→ **Assignment**:
Repeat every record below exactly, omitting any pictures.

→ **Dataset extract**:

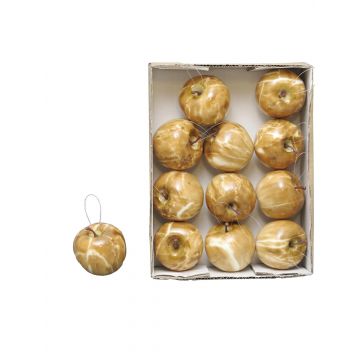 Manzanas artificiales RUOMAN, 12 piezas, marrón-blanco, Ø6,5cm
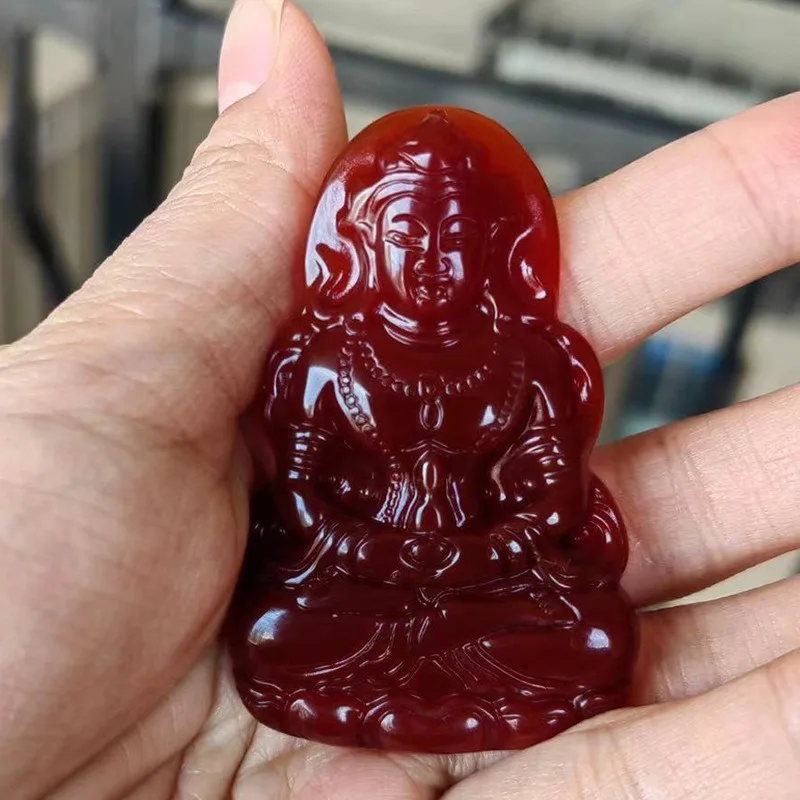 Natural Agate Guanyin Pendant Men's Red Ice Chalcedony Bodhisattva Pendant
Natural Agate Guanyin Pendant Men's Red Ice Chalcedony Bodhisattva Pendant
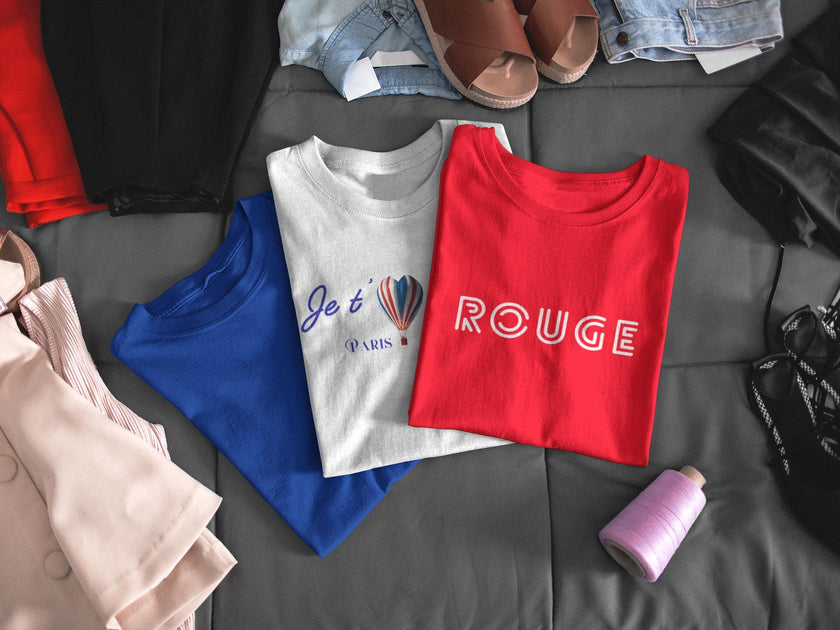 Red Sweatshirt ROUGE, French Word Sweatshirt for Boys Girls, Unisex Toddler pullover, Cute French Kids Clothing Gift for holidays and school - KOULEURS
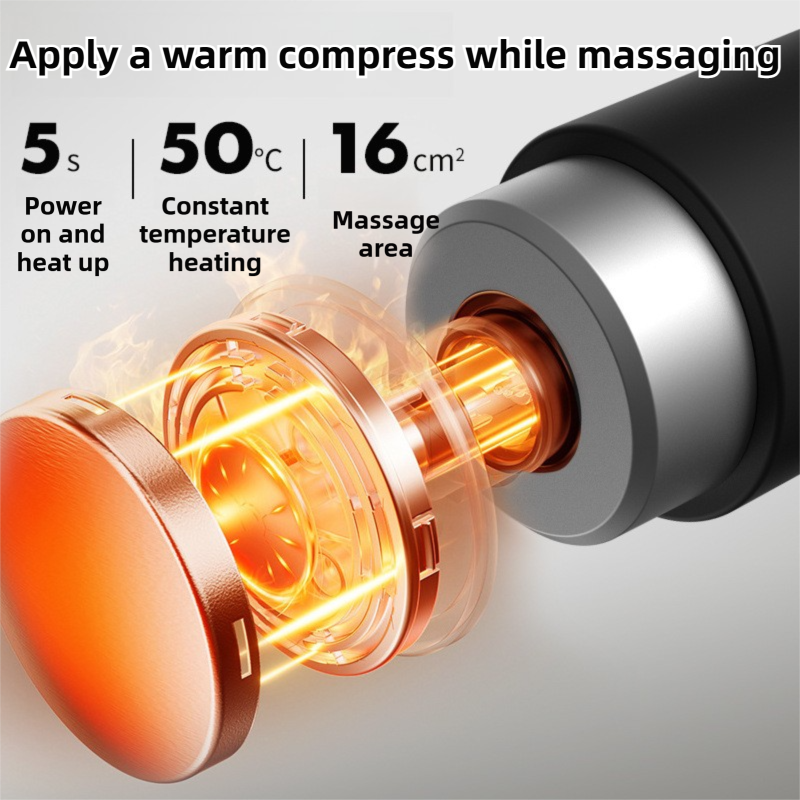 Black Gold Mini Hot Cold Massage Gun with10 Heads - 6 Intensity Dual Thermal view 3
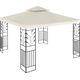 Uniprodo Pawilon ogrodowy altana z ornamentem składana 3 x 3 x 2.6 m kremowy Pawilon ogrodowy altana z ornamentem składana 3 x 3 x 2,6 m kremowy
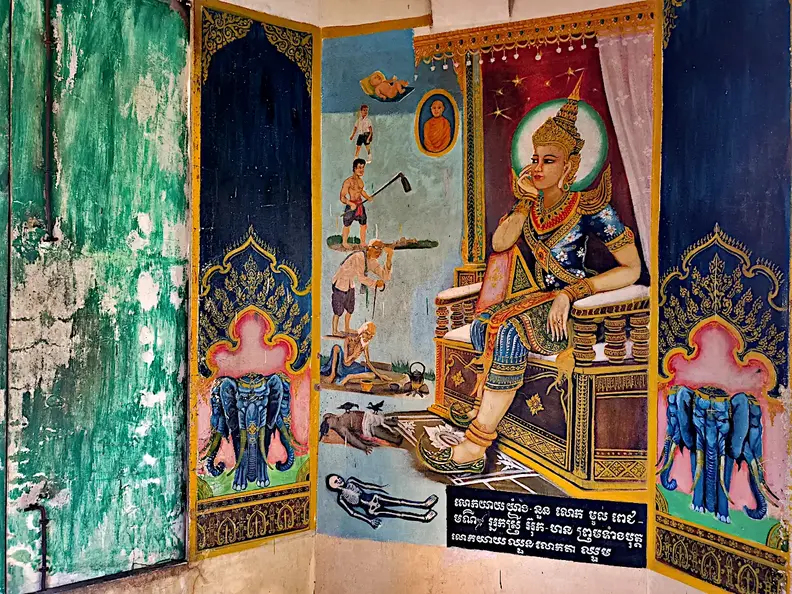 Kambodscha Phnom Sampow Tempel Wandgemaelde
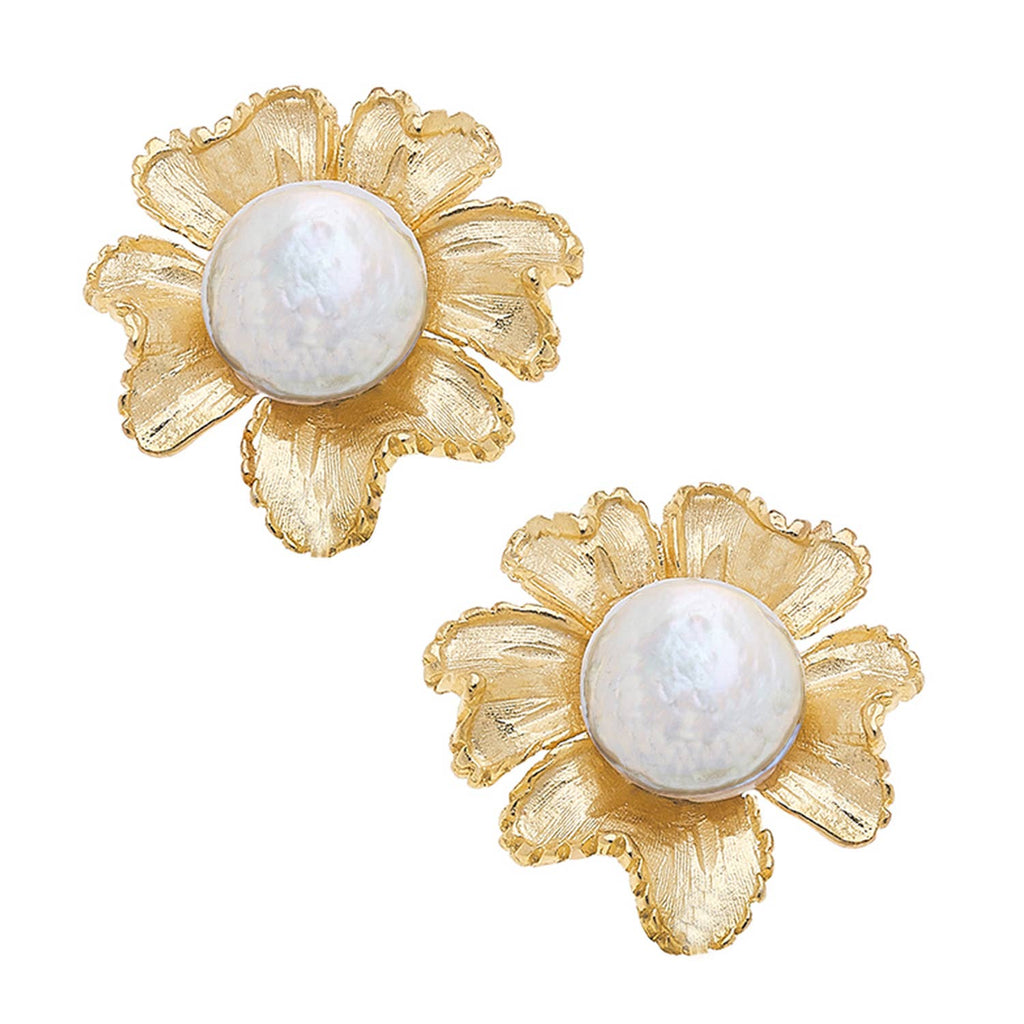 Susan Shaw - Marigold Pearl Studs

→ **Your response**:
 Manzanas artificiales RUOMAN, 12 piezas, marrón-blanco, Ø6,5cm
 Natural Agate Guanyin Pendant Men's Red Ice Chalcedony Bodhisattva Pendant
Natural Agate Guanyin Pendant Men's Red Ice Chalcedony Bodhisattva Pendant
 Red Sweatshirt ROUGE, French Word Sweatshirt for Boys Girls, Unisex Toddler pullover, Cute French Kids Clothing Gift for holidays and school - KOULEURS
 Black Gold Mini Hot Cold Massage Gun with10 Heads - 6 Intensity Dual Thermal view 3
 Uniprodo Pawilon ogrodowy altana z ornamentem składana 3 x 3 x 2.6 m kremowy Pawilon ogrodowy altana z ornamentem składana 3 x 3 x 2,6 m kremowy
 Kambodscha Phnom Sampow Tempel Wandgemaelde
 Susan Shaw - Marigold Pearl Studs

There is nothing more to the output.